Additionally, when developing this protocol and routing mesh we had the following goals in mind:

  • The protocol must be easy to implement in multiple languages, especially Javascript, Python, and Go. We do not want to restrict ourselves to one language.

  • Async behavior is fundamental. We follow a traditional request / response model with out of order responses; slow requests must not block subsequent, faster requests at the head of the line.

  • Large requests/responses may/must be broken into fragments to be sent progressively (i.e., "streaming" requests are supported).

  • TChannel can be used with arbitrary serialization schemes, e.g. JSON and Thrift, although Thrift is preferred for its IDL, type-safety, and validation guarantees.

  • The routing mesh needs a high-performance forwarding path. Intermediaries must be able to make a forwarding decision quickly.

  • Optional checksums for request/reponse integrity.

Field Length Conventions

In this document, all numeric values are unsigned and in big-endian byte order. All strings are UTF-8. All keys and values used in headers are strings.

The schema for describing field lengths and counts is the same as finagle-mux:

  • the schema size:4 body:10 defines the field size to be 4 bytes, followed by 10 bytes of the field body.
  • the schema key~4 defines the field key to be 4 bytes of a size, followed by that many bytes of data.
  • key~4 is shorthand for keysize:4 key:keysize

Groups are denoted by parentheses. A group's repetition count is either {*} for 0 or more repetitions, or {n} for exactly n repetitions.

Message Flow

Tchannel is a bi-directional request/response protocol. Each connection between peers is considered equivalent, regardless of which side initiated it. It's possible, perhaps even desirable, to have multiple connections between the same pair of peers. Message ids are scoped to a connection. It is not valid to send a request down one connection and a response down another. It is certainly possible to send one request down one connection and then a subsequent request down another, for whatever reason you might have.

A message corresponds to all of the frames that share an id. A pair of "init req" and "init res" frames share the same message id. A set of "call req", "call req continue", "call res", "call res continue", and "error" frames may all share the same message id. A pair of "ping req" and "ping res" frames share the same message id.

Initiating a new connection works like this:

  1. node A initiates TCP connection to node B
  2. B accepts TCP, must not send any data until receiving "init req"
  3. A sends "init req" with desired version, must not send any data until receiving "init res"
  4. B sends "init res", with selected version V. B may now send requests with version V.
  5. A receives "init res". A may now send requests with version V.

Each message is encapsulated in a frame with some additional information that is common across all message types. Part of that framing information is an id. This id is chosen by the requestor when sending a request message. When responding to a request, the responding node uses the message id in the request frame for the response.

Each frame has a type which describes the format of the frame's body. Depending on the frame type, some bodies are 0 bytes.

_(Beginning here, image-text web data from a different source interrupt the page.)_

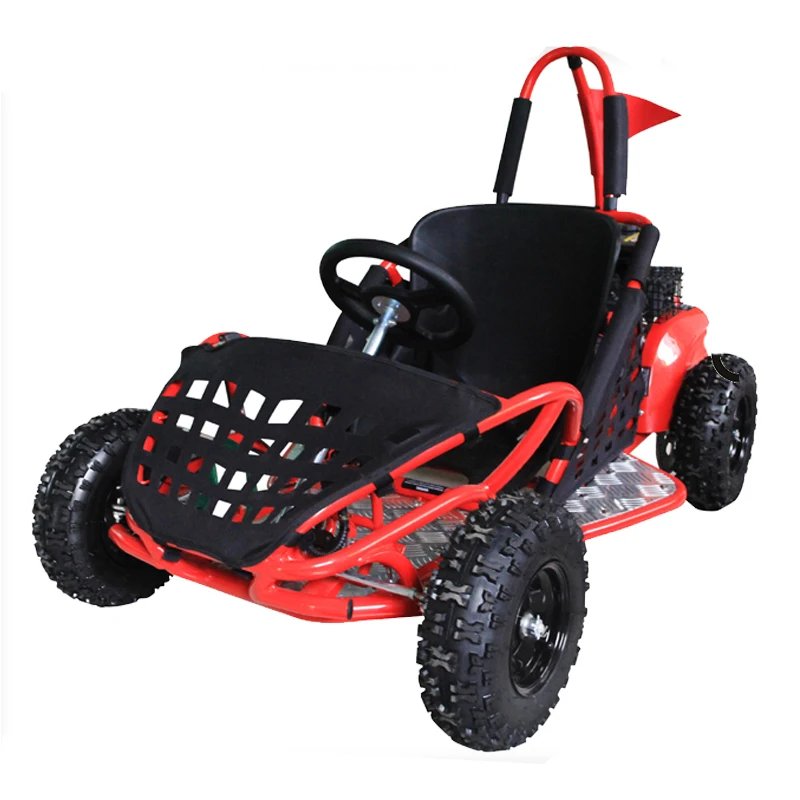 New Product Cheap Price 48v 1000w electric go kart bike electric go kart for sale
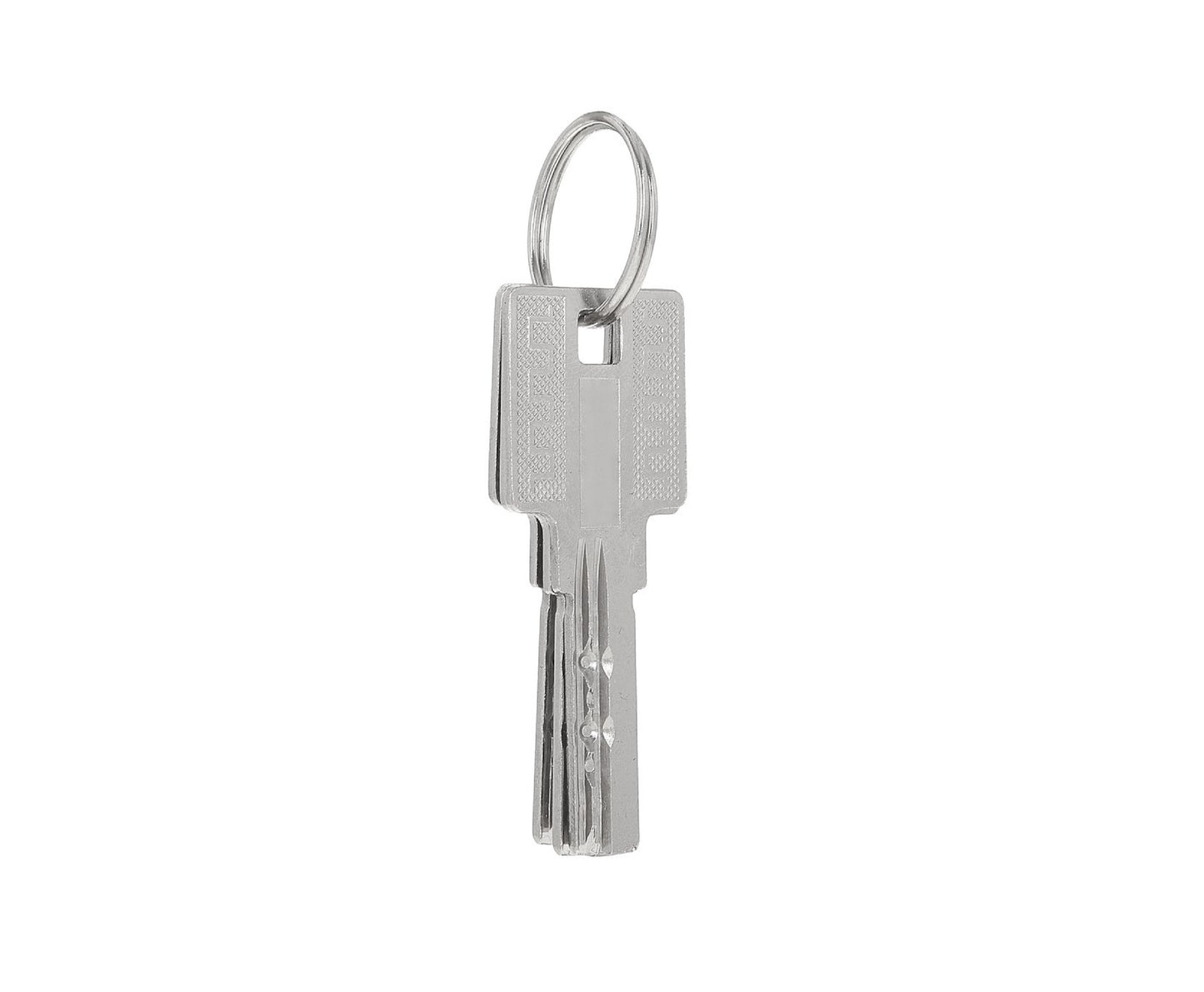 Butuc aluminiu Nickel, 35g/45, Tvardy T01414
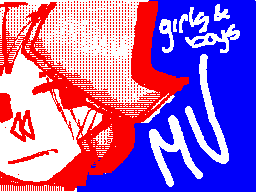 Shauty And Andromeda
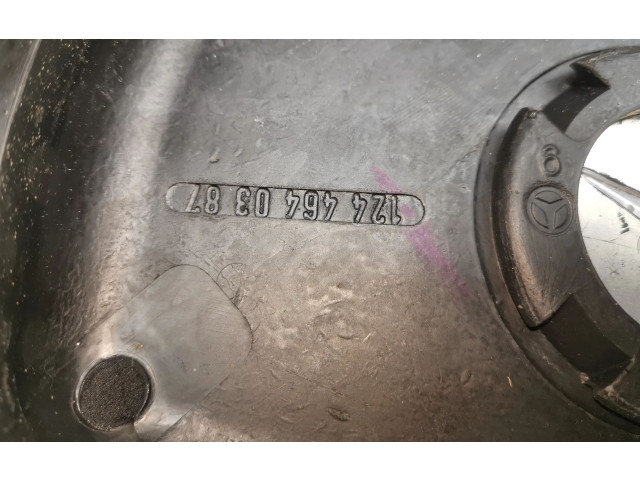 Volant Mercedes-Benz E W124 1993 1244640387, 1264640017  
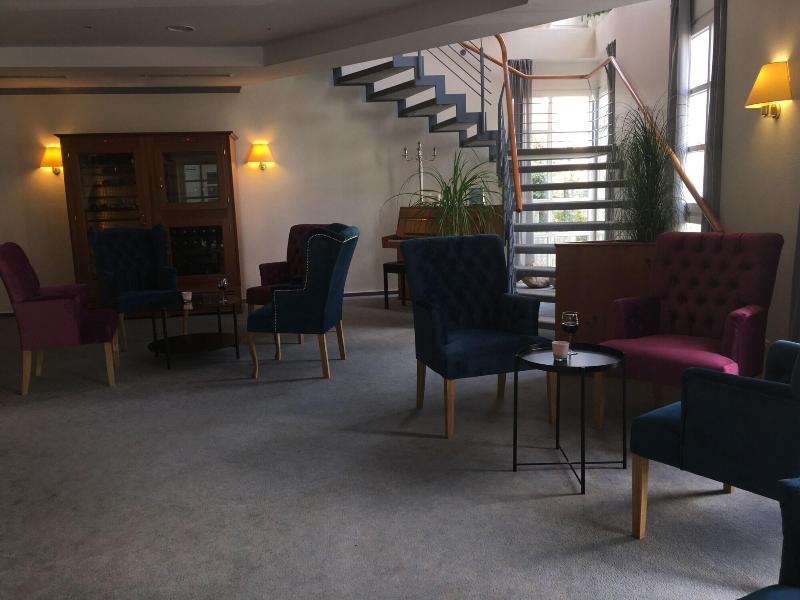 Hotel Römerbad - Bar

The "call req" frame type has a "ttl" field which is used to specify the deadline for this request. The transmitter manages the ttl to account for time in transit or time to failover, and send it to receivers only for deadline propagation purposes. This allows receivers to know how much time they have remaining to complete this portion of the request. Intermediaries are free to make retries with backoff as necessary, as long as they are still within the ttl.

Here are some details of the message flow from a service A instance A1, through a service router R1, into a service B instance B1, and then back. These are not the full details of every single field, but they are intended to illustrate some less obvious behaviors.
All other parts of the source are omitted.